You can take a stake out without leaving any damage, you can't do that with a bolt.
Why would you want to take either out?
Does it not entirely depend on the crag configuration and rock quality?
In the UK, in my limited experience, I have never found that a bolt anchor at the top was required: due to it having boulders/ fences, or good natural anchors at the top. Furthermore, for the most part, there are easy descent routes on the side.
This summer, I climbed in Annot. It is a soft sandstone crag in tiers with very narrow horizontal ledges which formed in between sandstone layers (in shale layers I think). The pitches all climb between 20 to 30m to huge roofs or shale (total choss). So the Frenchies, for once with a good reason, decided to equip all routes with a lower off chain between 2 bolts. The rest of the route is climbed on trad gear. Makes perfect sense.

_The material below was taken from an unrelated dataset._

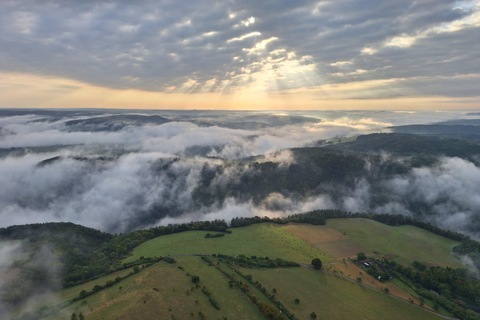 From Prague: Balloon ride with Champagne & Picnic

I have seen a happy marriage between bolts and none in Val dell'Orco
and the States.
I have not read the full thread because I am lazy, therefore I have only answered Jamie's initial musing with my own half cooked ideas.
Indeed, I see the logic. However, if the top is total choss/ very friable, what makes the bolt safer? It will be in afore mentioned rock after all. If it is placed way left or right of the top out it will be pulled at weird angles.
It is worth remembering that crags that have been bolted were often in compact rock that were suited to bolting: be it expansion bolts or glue-in bolts. Bolts are only as safe as the quality of the rock allows surely!?
Thus disqualifying a significant amount of the crags where we are thinking bolting anchors would be of use?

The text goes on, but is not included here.